Four Ways to Develop Your Main Character
Say you're reading a novel. The prose is phenomenal. It's full of amazing descriptions, immersing you into each and every setting. The plot is tightly-written and well-thought out. But you're just not invested in the main character, so you put the book down.
Say you're watching a movie. The acting is some of the best you've ever seen. The cinematography is gorgeous. The special effects and action choreography are top-notch. But you could care less about the main character, so you turn it off.
Characters are the most important element of any story. No matter how great a writer you are or how fresh your concepts are, none of it matters if the readers aren't on board with the primary character. Relating to a character and going on a journey with them is what will keep readers and viewers invested.

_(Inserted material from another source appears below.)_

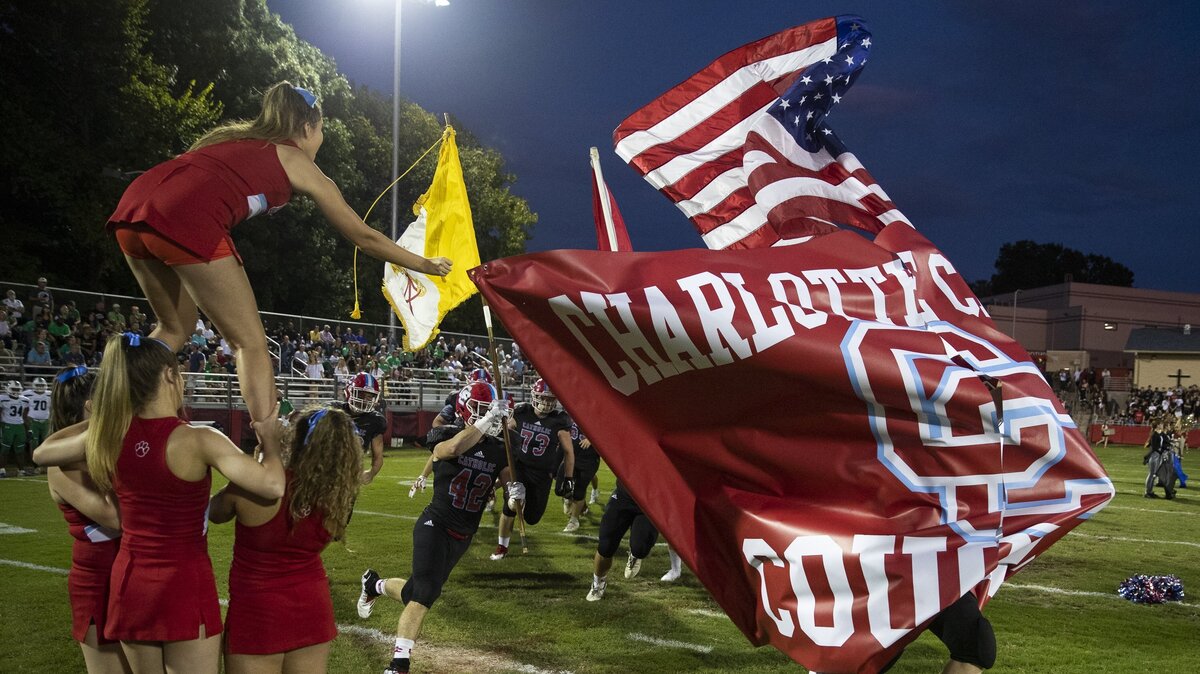 The Cougars try to break the Charlotte Catholic banner during introductions before facing Weddington at a prep football game at Charlotte Catholic High School Friday, September 28, 2018 in Charlotte, NC. Photo by JASON E. MICZEK - Special to the Observer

Here are four ways to make sure your main character is well-developed throughout a story.
1) Give them a strong desire that drives the story
Readers or viewers immediately connect with a character that has a clear and virtuous goal, especially when that character is willing to face any trials and tribulations to reach it.
Everyone has goals in life, and everyone has something that has kept them from reaching it. This is why people gravitate toward a protagonist who has their own limitations, but is willing to go all-out to achieve their goal. Because not only does it make them relatable, but it empowers the reader to work harder toward their own desires.
Any character that can motivate a reader to achieve their dreams is a character that people are going to love.
2) Have them go through a transformation
Author Ted Dekker defines story as "a series of events that happens to worthy characters who change as a result of those events." It's a simplistic yet very accurate description of what readers want.
Rocky Balboa went from being a nobody living in the slums to the heavyweight champ. Luke Skywalker was a lonely farm boy who became a Jedi master and savior of the galaxy. Some of the most iconic protagonists of all time are average people doing extraordinary things. This is another element of story that empowers and motivates people, as it makes them think, "If they can do it, I can too.”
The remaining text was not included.